2.6. Gelet op het vorenstaande was voor de aangebrachte voorzieningen derhalve een bouwvergunning vereist. Nu vaststaat dat deze niet is verleend, was het college bevoegd handhavend op te treden.
2.7. Alleen in bijzondere gevallen mag een bestuursorgaan niet handhavend optreden tegen een illegale situatie, als hier aan de orde. Daarvan kan sprake zijn, indien concreet zicht bestaat op legalisering.
2.8. Het geldende bestemmingsplan biedt geen grondslag voor legalisering. Artikel 17, derde lid van de planvoorschriften behorende bij het geldende bestemmingsplan “Buitengebied 1987, correctieve herziening” bepaalt immers uitdrukkelijk dat op in geding zijnde gronden slechts één woning is toegestaan. In een vrijstellingsmogelijkheid voor het gebruik van het bijgebouw als woning en de ten behoeve daarvan aangebrachte voorzieningen is niet voorzien. De rechtbank heeft derhalve met juistheid overwogen dat concreet zicht op legalisering in evenbedoelde zin niet aanwezig is.
2.9. Ook anderszins levert hetgeen appellant naar voren heeft gebracht en hetgeen daaromtrent uit de stukken is gebleken geen zodanig bijzonder geval op, dat burgemeester en wethouders in redelijkheid niet hebben kunnen nalaten om in verband daarmee van handhavend optreden af te zien.
2.10. De conclusie is dat het hoger beroep ongegrond is. De aangevallen uitspraak dient te worden bevestigd.
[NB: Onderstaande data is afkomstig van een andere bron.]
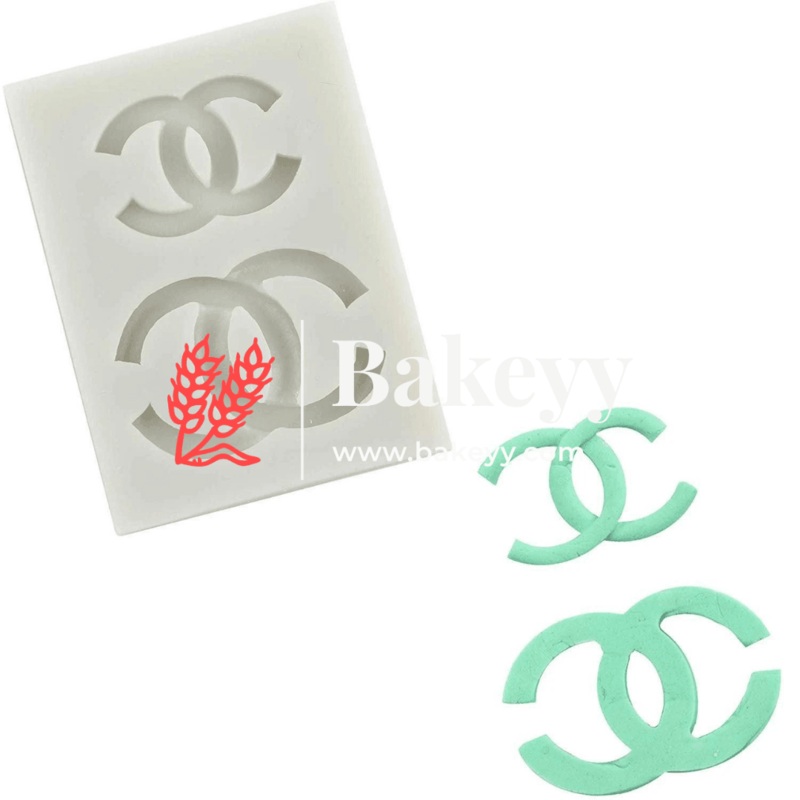 Channel Designer Fondant and gum paste Mould | Brand Mould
2.11. Voor een proceskostenveroordeling zijn geen termen.
3. Beslissing
De Afdeling bestuursrechtspraak van de Raad van State
Recht doende in naam der Koningin:
bevestigt de aangevallen uitspraak.
Aldus vastgesteld door mr. D.A.C. Slump, Lid van de enkelvoudige kamer, in tegenwoordigheid van mr. J.H. Roelfsema, ambtenaar van Staat.
w.g. Slump w.g. Roelfsema
Lid van de enkelvoudige kamer ambtenaar van Staat
Uitgesproken in het openbaar op 12 maart 2003
58-406.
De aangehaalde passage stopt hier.